Stress benchmarks: 500K-row workloads

Eight workloads at 500K rows test how well the engine scales beyond L2 cache.

Motivation

The standard benchmarks use 5K–50K rows, which fit comfortably in CPU cache. Real analytical workloads often involve hundreds of thousands or millions of rows. The stress benchmarks push mskql to 500K rows per table to expose scaling bottlenecks in sorting, hashing, joining, and window functions.

Workloads

All eight stress benchmarks run through the PostgreSQL wire protocol against mskql, PostgreSQL, and DuckDB (in-process CLI). Each benchmark runs a single iteration—no caching, no warm-up advantage.

Workload	mskql	PG	Duck	ms/pg	ms/duck
stress_full_agg (500K rows)	360ms	764ms	74ms	0.47×	4.90×
stress_high_card_gb (100K groups)	249ms	1,229ms	245ms	0.20×	1.01×
stress_large_sort (500K rows)	408ms	557ms	87ms	0.73×	4.71×
stress_join_2way (500K + 10K)	350ms	2,284ms	109ms	0.15×	3.20×
stress_join_3way (3 large tables)	478ms	2,941ms	128ms	0.16×	3.73×
stress_filtered_expr (WHERE + computed)	298ms	641ms	134ms	0.46×	2.22×
stress_window (RANK, 500K rows)	327ms	482ms	115ms	0.68×	2.85×
stress_nested_cte (3-level CTE)	495ms	1,057ms	185ms	0.47×	2.67×

Analysis

mskql beats PostgreSQL on all 8 workloads, from 1.4× faster (stress_large_sort) to 6.5× faster (stress_join_2way and stress_join_3way). The join workloads show the largest gap: PostgreSQL’s hash join with 500K outer rows involves significant memory management overhead that mskql avoids with arena allocation.
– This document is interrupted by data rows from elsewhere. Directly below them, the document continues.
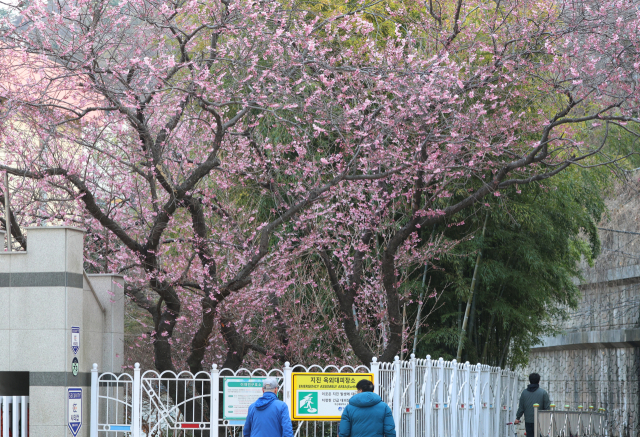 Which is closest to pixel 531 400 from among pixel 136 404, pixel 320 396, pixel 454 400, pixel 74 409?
pixel 454 400

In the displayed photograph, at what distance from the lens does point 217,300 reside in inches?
332

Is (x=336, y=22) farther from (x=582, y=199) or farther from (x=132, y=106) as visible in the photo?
(x=582, y=199)

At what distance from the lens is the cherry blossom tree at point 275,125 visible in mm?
8000

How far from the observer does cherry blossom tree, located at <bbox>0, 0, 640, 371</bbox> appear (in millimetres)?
8000

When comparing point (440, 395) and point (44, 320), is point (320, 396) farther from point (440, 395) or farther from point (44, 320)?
point (44, 320)

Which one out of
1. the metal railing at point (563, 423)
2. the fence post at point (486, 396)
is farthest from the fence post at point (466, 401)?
the metal railing at point (563, 423)

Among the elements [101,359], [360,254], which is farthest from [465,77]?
[101,359]

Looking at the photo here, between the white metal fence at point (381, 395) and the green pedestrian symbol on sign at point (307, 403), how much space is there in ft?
0.65

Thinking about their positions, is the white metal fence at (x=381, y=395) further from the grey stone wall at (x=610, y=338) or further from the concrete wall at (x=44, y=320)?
the grey stone wall at (x=610, y=338)

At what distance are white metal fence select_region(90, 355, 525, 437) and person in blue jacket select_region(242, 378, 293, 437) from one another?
1250mm

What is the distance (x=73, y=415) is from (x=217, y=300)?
1926 mm

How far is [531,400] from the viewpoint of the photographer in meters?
9.79

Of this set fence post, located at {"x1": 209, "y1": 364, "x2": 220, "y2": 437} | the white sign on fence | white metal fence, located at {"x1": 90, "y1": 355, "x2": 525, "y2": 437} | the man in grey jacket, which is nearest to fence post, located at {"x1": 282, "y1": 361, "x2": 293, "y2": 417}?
white metal fence, located at {"x1": 90, "y1": 355, "x2": 525, "y2": 437}

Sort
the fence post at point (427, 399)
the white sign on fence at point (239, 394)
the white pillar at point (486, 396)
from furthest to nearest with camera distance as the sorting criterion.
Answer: the white pillar at point (486, 396) < the fence post at point (427, 399) < the white sign on fence at point (239, 394) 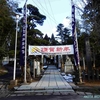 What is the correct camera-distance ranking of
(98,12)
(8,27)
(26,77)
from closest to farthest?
(98,12)
(26,77)
(8,27)

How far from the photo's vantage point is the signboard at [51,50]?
22.2 metres

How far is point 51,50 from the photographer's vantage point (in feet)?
75.2

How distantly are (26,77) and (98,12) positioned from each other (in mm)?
8587

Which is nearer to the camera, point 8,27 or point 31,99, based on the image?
point 31,99

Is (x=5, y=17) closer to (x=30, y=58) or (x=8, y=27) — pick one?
(x=8, y=27)

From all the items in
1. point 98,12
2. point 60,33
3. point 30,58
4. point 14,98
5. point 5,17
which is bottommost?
point 14,98

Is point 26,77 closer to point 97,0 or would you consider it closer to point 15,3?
point 15,3

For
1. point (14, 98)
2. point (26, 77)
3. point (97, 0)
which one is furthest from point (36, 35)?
point (14, 98)

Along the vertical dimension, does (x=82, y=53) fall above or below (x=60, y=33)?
below

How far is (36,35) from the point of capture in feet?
93.9

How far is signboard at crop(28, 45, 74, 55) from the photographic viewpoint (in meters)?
22.2

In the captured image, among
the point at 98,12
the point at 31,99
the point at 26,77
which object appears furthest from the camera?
the point at 26,77

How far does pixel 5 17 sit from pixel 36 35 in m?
5.06

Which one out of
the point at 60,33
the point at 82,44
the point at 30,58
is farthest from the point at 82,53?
the point at 60,33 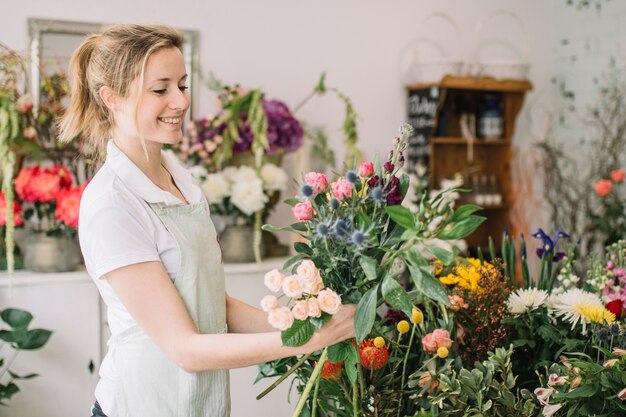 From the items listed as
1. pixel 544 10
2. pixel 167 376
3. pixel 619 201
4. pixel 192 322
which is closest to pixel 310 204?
pixel 192 322

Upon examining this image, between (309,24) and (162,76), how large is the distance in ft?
8.72

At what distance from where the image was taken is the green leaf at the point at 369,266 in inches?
48.0

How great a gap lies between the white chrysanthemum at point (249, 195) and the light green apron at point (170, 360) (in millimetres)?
1749

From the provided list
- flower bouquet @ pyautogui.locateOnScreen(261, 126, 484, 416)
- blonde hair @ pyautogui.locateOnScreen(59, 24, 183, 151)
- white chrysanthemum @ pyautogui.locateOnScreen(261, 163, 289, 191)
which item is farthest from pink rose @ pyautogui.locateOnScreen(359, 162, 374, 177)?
white chrysanthemum @ pyautogui.locateOnScreen(261, 163, 289, 191)

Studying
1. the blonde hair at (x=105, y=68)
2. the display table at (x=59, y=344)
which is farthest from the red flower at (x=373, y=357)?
the display table at (x=59, y=344)

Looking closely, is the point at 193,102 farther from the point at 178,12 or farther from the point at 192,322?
the point at 192,322

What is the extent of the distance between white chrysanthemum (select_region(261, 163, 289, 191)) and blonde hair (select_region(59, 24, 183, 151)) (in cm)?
174

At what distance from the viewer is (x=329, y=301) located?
4.15ft

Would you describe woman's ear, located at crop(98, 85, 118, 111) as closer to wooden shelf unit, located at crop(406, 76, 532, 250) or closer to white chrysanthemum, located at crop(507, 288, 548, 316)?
white chrysanthemum, located at crop(507, 288, 548, 316)

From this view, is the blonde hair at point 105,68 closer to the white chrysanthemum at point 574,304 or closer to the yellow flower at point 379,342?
the yellow flower at point 379,342

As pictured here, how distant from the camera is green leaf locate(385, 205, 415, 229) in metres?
1.20

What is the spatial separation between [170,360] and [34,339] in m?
1.59

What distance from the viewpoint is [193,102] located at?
147 inches

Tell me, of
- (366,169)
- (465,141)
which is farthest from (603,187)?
(366,169) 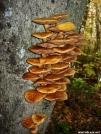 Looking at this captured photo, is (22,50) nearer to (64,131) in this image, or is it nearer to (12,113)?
(12,113)

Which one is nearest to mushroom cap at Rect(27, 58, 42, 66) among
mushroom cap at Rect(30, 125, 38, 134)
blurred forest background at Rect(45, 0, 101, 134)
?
mushroom cap at Rect(30, 125, 38, 134)

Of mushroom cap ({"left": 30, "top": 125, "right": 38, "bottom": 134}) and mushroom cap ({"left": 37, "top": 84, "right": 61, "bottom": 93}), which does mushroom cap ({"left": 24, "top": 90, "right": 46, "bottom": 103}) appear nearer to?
mushroom cap ({"left": 37, "top": 84, "right": 61, "bottom": 93})

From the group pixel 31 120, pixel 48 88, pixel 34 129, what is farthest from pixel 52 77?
pixel 34 129

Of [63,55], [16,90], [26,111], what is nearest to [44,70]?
[63,55]

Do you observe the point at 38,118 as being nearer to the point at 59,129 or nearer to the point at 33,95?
the point at 33,95

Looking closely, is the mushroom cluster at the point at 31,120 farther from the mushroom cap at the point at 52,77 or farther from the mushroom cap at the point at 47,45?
the mushroom cap at the point at 47,45

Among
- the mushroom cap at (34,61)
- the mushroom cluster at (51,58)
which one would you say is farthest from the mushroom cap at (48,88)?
the mushroom cap at (34,61)
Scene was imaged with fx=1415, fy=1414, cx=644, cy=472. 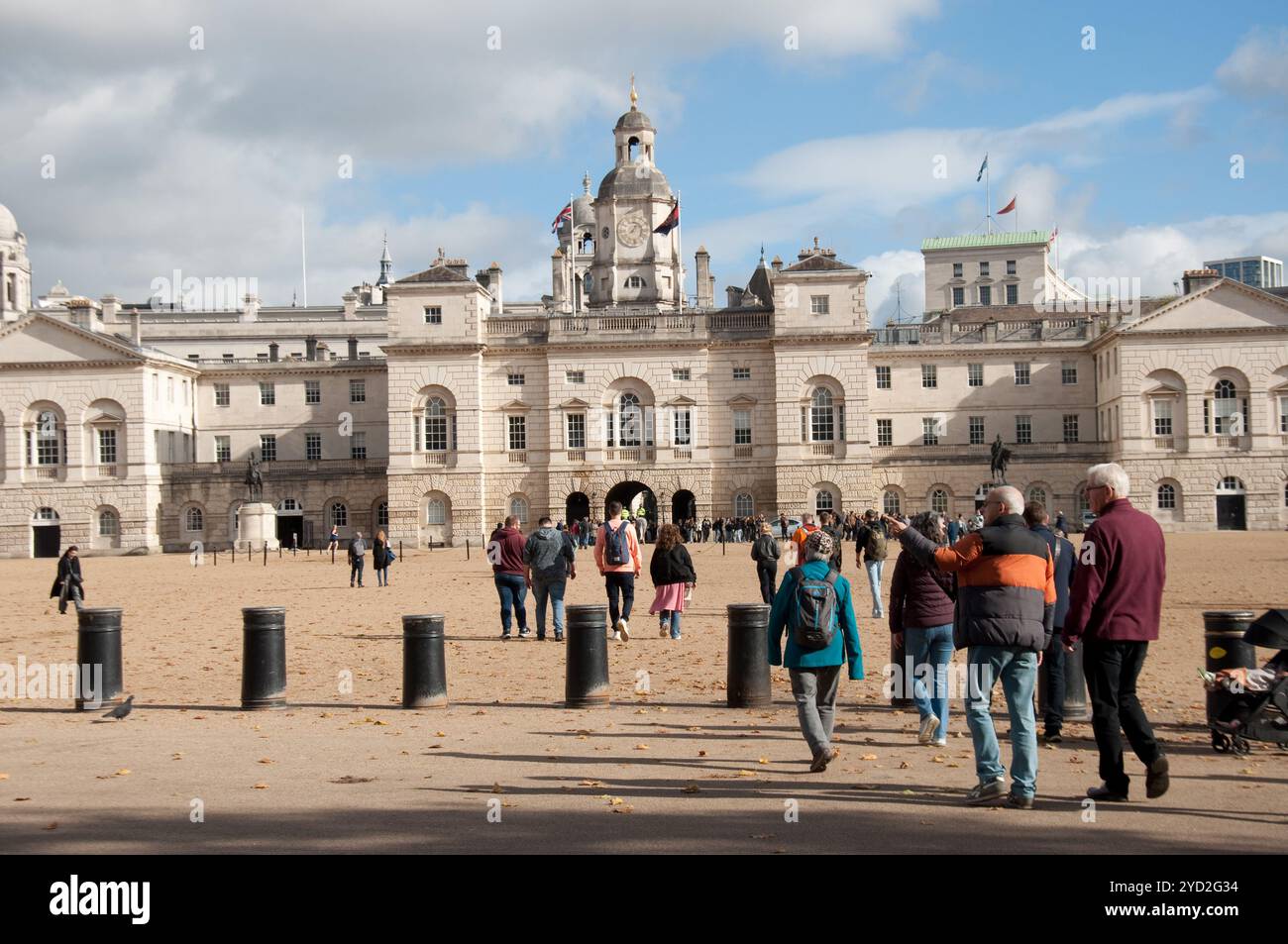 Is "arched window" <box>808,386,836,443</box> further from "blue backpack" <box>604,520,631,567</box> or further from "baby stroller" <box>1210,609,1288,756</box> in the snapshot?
"baby stroller" <box>1210,609,1288,756</box>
DuckDB wins all 8 workloads over the wire, from 1.01× (stress_high_card_gb, essentially a tie) to 4.90× (stress_full_agg). This is expected: DuckDB runs in-process with zero wire overhead, while mskql serializes results through TCP. The in-process benchmarks (Section 2) show mskql winning 15 of 16 when both engines run in-process.
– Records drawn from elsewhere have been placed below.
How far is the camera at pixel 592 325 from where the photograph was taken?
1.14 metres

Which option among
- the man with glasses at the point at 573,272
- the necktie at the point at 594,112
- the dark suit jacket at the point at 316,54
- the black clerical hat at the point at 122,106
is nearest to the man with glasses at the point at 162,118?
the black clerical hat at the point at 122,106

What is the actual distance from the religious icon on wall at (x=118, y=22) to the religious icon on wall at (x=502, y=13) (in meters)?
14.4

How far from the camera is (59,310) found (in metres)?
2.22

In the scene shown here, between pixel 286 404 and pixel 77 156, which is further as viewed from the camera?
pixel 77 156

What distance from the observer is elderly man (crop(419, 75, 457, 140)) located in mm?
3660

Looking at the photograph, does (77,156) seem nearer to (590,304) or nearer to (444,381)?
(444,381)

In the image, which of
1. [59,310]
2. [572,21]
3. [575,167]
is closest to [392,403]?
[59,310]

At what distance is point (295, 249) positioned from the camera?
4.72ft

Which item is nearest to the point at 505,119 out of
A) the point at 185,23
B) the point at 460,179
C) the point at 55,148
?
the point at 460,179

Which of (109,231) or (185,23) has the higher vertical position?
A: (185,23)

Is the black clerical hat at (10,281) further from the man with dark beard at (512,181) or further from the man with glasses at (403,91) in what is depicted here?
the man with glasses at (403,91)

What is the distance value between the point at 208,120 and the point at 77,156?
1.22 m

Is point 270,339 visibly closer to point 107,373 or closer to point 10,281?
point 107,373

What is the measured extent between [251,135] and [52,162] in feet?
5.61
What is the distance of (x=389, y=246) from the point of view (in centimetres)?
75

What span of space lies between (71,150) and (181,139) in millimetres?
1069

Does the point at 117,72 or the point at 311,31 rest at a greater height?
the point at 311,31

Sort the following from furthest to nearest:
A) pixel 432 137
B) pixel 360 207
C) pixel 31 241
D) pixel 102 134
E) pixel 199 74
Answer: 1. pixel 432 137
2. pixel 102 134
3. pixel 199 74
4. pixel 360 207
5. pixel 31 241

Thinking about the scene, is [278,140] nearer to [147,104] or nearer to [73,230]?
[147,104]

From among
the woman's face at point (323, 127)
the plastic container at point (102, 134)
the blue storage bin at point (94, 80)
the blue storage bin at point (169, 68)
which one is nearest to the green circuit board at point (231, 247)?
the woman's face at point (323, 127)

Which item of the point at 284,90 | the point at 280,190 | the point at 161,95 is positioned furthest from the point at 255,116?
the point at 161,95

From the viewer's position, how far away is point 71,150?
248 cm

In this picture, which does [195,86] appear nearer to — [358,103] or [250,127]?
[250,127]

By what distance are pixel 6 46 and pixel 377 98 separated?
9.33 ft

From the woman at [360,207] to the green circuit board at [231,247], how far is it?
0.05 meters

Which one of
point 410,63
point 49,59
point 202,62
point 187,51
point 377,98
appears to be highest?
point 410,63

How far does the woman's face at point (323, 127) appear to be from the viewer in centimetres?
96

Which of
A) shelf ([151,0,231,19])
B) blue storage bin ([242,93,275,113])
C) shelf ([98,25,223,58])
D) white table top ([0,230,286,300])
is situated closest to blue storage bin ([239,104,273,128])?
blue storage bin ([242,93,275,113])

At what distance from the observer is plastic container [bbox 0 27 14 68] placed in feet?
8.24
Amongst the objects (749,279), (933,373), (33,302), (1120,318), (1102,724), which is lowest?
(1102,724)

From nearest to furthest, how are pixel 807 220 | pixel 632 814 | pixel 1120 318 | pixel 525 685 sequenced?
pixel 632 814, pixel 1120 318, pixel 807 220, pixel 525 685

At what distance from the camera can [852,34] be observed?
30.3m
The stress_high_card_gb result (249ms vs 245ms, 1.01×) is notable: mskql’s hash aggregation matches DuckDB’s SIMD-vectorized implementation at 100K groups, even with wire protocol overhead.

What these benchmarks stress

Memory allocation: 500K rows push well beyond L2 cache. Arena allocation avoids per-row malloc/free overhead.
Sort scalability: The radix sort and pdqsort combination handles 500K rows in 408ms, 1.4× faster than PostgreSQL’s tuplesort.
Hash table scaling: The high-cardinality GROUP BY creates 100K hash buckets. The Swiss table implementation maintains performance with minimal probe chains.
Join materialization: Two- and three-way joins at 500K rows test the hash join build/probe phases under memory pressure.